La galerie comme cabinet de curiosités
Ses œuvres sur papier, l’artiste les présente sans cadre : rien ne les protège, ni ne les retire, pas de verre matériel, ni de démarcation symbolique. De la proximité découle alors la temporalité du regard : il faut s’approcher, accepter de se laisser contaminer et perturber au sens fort à son tour. On pense aux cabinets de curiosités calfeutrés de la Renaissance, à ces trouvailles extirpées d’une nature encore perçue comme vierge, et offertes à un regard quasi érotique parce que retiré de la sphère publique.
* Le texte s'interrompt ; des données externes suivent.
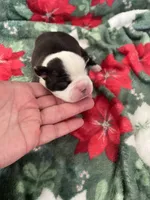 processed/215b5e5c-ae50-4718-8008-d5a437a04908/listing/7f30fb64-a7d5-4da4-a051-e7e7a9eb43be/960cef26-755b-4e6b-851f-a1cc043d8be5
Or, ce temps-là de vision demande un certain contexte. Et si l’artiste est, depuis quelques années, la coqueluche des foires d’art et group-shows thématiques dédiés à la création émergente, la présentation en galerie permet une absorption plus intime. La charge érotique, alors, sourd librement des associations mentales face à des représentations qui, précisément, se dérobent à toute représentation d’un motif assignable.
Being Around, sa première exposition à la galerie Édouard Montassut, rassemble un ensemble d’œuvres récentes. Son vocabulaire, immédiatement reconnaissable, est ici augmenté par endroits d’ajouts d’objets trouvés : des couverts en plastique, des joyaux de pacotille ou des boutons pression. À vrai dire, on les remarque à peine, tant ils se fondent dans la prolifération du dessin.
La question du genre reformulée
À l’instar de l’œuvre de 2022, Why Do Man Have Nipples? [Pourquoi l’homme a-t-il des tétons ?], frêle feuille pliée en son centre et punaisée, marquée d’une double incrustation de ces boutons pression en question, eux-mêmes enchâssés au sein de globes ceints d’un rang de perles esquissées au trait et nageant dans un univers pastel-core – passant du bleu au rose, en arpentant l’infinité de nuance entre ces deux tonalités ultra-genrées.
En liant plus étroitement encore les deux registres, l’objet et la représentation, l’un dévorant l’autre jusqu’à s’indistinguer, c’est également la question du genre qui est reformulée : dans ce microcosme d’incessantes métamorphoses, tout transitionne et s’interpénètre. Les saynètes de Kinke Kooi semblent en cela matérialiser le mot d’ordre du Manifeste Xénoféministe : “Si la nature est injuste, changez la nature !”
Kinke Kooi, Being Around, jusqu’au 18 février à la galerie Édouard Montassut à Paris.